*** Opening DATA FOR THIS TASK ***

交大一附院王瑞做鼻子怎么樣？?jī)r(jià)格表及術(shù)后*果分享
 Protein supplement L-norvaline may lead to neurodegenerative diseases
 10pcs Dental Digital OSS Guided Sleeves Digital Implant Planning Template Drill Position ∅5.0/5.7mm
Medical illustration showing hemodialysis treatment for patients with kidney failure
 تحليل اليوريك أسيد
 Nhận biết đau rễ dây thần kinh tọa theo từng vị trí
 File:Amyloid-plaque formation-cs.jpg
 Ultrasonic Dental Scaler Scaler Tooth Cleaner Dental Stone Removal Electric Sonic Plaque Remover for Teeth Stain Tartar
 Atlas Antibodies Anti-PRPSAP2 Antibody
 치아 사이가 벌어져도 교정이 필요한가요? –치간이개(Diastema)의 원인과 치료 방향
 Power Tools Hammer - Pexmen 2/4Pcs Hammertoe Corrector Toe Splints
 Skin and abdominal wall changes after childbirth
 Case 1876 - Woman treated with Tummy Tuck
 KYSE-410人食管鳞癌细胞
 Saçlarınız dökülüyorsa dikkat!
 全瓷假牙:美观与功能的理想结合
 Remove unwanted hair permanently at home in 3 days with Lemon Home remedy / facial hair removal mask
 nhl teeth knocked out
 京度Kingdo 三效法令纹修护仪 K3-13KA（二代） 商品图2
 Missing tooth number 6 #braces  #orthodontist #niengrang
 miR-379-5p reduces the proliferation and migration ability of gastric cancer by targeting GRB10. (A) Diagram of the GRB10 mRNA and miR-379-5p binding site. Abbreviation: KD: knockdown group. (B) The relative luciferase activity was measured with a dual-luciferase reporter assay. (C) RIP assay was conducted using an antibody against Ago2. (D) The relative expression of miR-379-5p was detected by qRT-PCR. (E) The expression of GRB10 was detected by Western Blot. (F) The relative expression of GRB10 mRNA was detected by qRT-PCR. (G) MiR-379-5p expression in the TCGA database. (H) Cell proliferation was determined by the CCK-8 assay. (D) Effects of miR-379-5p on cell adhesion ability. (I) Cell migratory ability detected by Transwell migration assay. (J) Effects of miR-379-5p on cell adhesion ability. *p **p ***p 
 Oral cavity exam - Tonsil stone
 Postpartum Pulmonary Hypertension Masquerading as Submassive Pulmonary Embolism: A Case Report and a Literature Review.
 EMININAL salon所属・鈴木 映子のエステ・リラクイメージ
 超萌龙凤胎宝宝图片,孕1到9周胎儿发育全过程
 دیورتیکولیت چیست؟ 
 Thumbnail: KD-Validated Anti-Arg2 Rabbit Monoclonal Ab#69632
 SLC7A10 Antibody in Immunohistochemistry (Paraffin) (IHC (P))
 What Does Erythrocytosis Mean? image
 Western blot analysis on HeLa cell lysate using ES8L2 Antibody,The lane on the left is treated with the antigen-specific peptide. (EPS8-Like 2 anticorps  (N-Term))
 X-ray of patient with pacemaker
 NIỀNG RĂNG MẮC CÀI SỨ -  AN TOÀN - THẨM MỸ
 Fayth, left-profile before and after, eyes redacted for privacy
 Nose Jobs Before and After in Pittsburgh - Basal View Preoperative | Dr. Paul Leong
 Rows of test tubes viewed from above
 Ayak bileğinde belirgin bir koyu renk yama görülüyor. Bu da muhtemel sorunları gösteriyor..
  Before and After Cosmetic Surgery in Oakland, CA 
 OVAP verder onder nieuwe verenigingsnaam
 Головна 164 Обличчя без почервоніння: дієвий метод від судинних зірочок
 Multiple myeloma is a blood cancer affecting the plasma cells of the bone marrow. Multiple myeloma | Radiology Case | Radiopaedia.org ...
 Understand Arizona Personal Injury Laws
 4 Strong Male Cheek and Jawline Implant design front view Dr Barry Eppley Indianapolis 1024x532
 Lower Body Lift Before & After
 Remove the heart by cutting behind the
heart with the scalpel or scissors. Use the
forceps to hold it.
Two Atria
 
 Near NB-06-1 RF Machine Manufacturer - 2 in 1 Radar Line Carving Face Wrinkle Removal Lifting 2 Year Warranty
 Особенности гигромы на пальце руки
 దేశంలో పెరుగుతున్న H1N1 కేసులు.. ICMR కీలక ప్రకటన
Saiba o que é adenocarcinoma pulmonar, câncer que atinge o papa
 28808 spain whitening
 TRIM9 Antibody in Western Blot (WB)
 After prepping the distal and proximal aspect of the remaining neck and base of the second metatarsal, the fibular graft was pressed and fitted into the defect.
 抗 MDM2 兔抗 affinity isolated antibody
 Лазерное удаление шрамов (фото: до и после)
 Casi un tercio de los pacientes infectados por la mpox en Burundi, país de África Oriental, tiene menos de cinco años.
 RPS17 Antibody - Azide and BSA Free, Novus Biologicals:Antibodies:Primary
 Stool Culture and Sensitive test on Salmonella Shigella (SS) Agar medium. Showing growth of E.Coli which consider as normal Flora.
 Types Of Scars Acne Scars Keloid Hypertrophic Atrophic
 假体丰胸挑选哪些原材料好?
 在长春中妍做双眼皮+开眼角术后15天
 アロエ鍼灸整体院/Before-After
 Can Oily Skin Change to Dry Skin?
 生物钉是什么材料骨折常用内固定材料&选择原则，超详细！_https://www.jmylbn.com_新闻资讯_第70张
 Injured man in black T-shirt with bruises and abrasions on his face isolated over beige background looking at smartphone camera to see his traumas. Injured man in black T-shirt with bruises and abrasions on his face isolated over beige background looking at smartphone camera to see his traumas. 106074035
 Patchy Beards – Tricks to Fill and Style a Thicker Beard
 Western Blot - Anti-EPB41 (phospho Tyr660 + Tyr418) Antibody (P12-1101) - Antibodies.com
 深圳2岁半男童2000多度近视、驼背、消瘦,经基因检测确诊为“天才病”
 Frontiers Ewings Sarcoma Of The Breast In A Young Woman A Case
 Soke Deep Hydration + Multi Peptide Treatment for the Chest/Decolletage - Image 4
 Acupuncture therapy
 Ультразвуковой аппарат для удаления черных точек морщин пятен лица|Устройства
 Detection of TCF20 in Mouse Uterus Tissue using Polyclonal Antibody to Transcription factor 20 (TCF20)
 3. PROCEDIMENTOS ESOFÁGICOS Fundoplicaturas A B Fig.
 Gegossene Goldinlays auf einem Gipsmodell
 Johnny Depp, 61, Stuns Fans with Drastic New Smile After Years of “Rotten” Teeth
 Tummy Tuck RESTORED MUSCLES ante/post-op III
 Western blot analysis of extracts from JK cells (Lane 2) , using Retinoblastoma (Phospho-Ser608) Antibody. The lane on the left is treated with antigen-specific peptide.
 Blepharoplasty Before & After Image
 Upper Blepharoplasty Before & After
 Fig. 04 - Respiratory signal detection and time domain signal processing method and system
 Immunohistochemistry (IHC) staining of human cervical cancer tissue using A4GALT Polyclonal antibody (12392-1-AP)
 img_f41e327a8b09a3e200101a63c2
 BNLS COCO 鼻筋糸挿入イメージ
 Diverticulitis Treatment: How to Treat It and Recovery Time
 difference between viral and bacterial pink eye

*** Closing DATA FOR THIS TASK ***

Return an exact copy of only the lines from the one with "Tummy Tuck RESTORED MUSCLES ante/post-op III" through the end of the listing above, both included.

COMPLETED EXERCISE -
 Tummy Tuck RESTORED MUSCLES ante/post-op III
 Western blot analysis of extracts from JK cells (Lane 2) , using Retinoblastoma (Phospho-Ser608) Antibody. The lane on the left is treated with antigen-specific peptide.
 Blepharoplasty Before & After Image
 Upper Blepharoplasty Before & After
 Fig. 04 - Respiratory signal detection and time domain signal processing method and system
 Immunohistochemistry (IHC) staining of human cervical cancer tissue using A4GALT Polyclonal antibody (12392-1-AP)
 img_f41e327a8b09a3e200101a63c2
 BNLS COCO 鼻筋糸挿入イメージ
 Diverticulitis Treatment: How to Treat It and Recovery Time
 difference between viral and bacterial pink eye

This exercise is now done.